Illustration from an advertisement for White Horse Whiskey, 1958

So, I'm still waiting for the new 2011 releases to start coming out - in the meantime, I'll review a couple more of these weird records from the '70s that I got for Christmas. And, going by titles alone, the probably don't get much weirder than For Girls Who Grow Plump in the Night. I've been a fan of Canterbury/prog outfit Caravan since I picked up In the Land of Grey and Pink (1971) a while back, in spite of that album's very "jammy" tendencies. Caravan were a "jam band" in the truest sense of the word - they are interested in pop and jazz, and they felt that the best way to incorporate these two interests was to create pop songs that work as jumping-off points for extended instrumental jams. I tend to tire of "jams" quickly - they just don't hold my attention - but I can hang with a long instrumental interlude if it has two halves of a pop song for bookends.

Caravan also gets a pass from me because their pop instincts are quite good, and they do a good job of compartmentalizing their jamming.
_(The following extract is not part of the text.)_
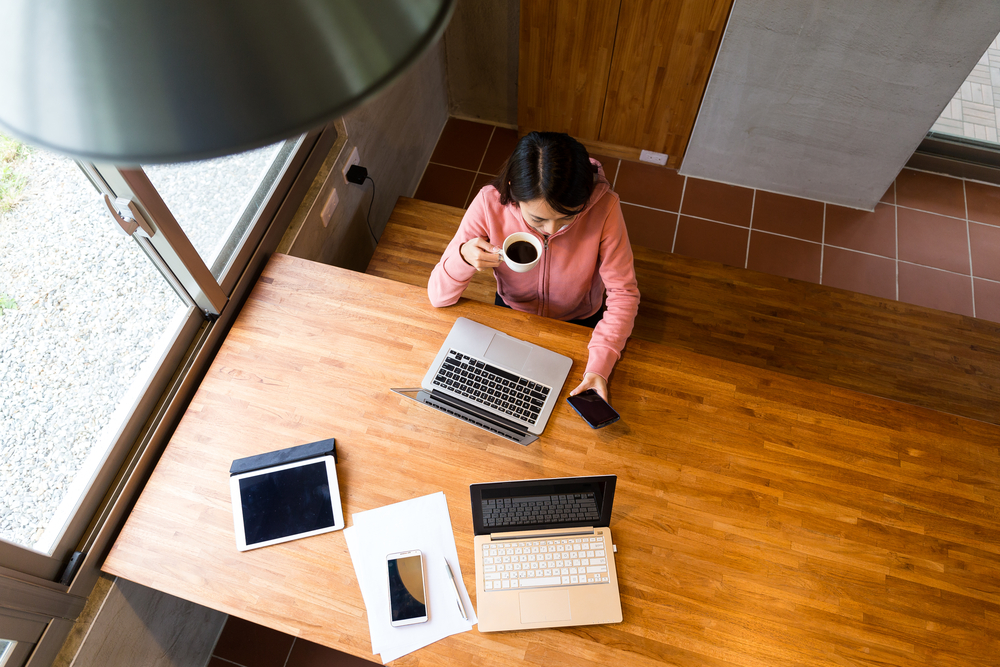 Top view of woman drinking of coffee with checking the message on cellphone while hybrid working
For Girls Who Grow Plump in the Night, for example, starts with the nine-minute "Memory Lain, Hugh/Headloss", but this long track is really two pop songs pinned together. The first half is one of those jumping-off songs with a nice verse and then several minutes of instrumental vamping on that melody, but "Headloss" is a hard-rocking pop song with Pye Hastings' usual slightly-goofy melodic sense. This song also features a violin solo from Geoff Richardson, who was a new addition to Caravan's revamped lineup on this record - his flute, violin, and viola contributions are great additions to the band's sound. The tracks that follow that initial salvo, "Hoedown" and "Surprise, Surprise" are both solidly in the pop idiom, as well (and "Hoedown" is nowhere near as terrible as you might guess from its title.)

So it's not until "C'thlu Thlu" that we get our first real jam-oriented track - it's an unfortunate slog of a song, too, simultaneously evoking the boringness and headache-inducing qualities of Lovecraft's writing in song form. But this track is followed by excellent and creepy (and pedophilia-themed?) pop of "The Dog, the Dog, He's At It Again" and the rock-song-stitched-to-ballad epic "Be Alright/Chance of a Lifetime". By the time I get to the album's true jam, the ten-minute "L'Auberge Du Sanglier" suite, I'm willing to give Caravan a pass because of the album's hit-to-miss ratio up to that point. And "L'Auberge" isn't bad - it does go on a bit, but it has a few different sections to it and that makes it more palatable.

For me, Caravan is appealing because they take the pastoral psych-pop vibe of those Rubble bands I love and they stretch it into something more ambitious, with a smooth '70s production style. And, quite simply, Pye Hastings could write great pop songs - the fact that he wrote almost all the material for Girls Who Grow Plump... gives that album a great cohesiveness. Check out "Headloss" if you haven't heard this band before - I think it benefits from being separated from it's "other half", the album opener "Memory Lain, Hugh" - it's better as a self-contained pop song than half of an ersatz epic.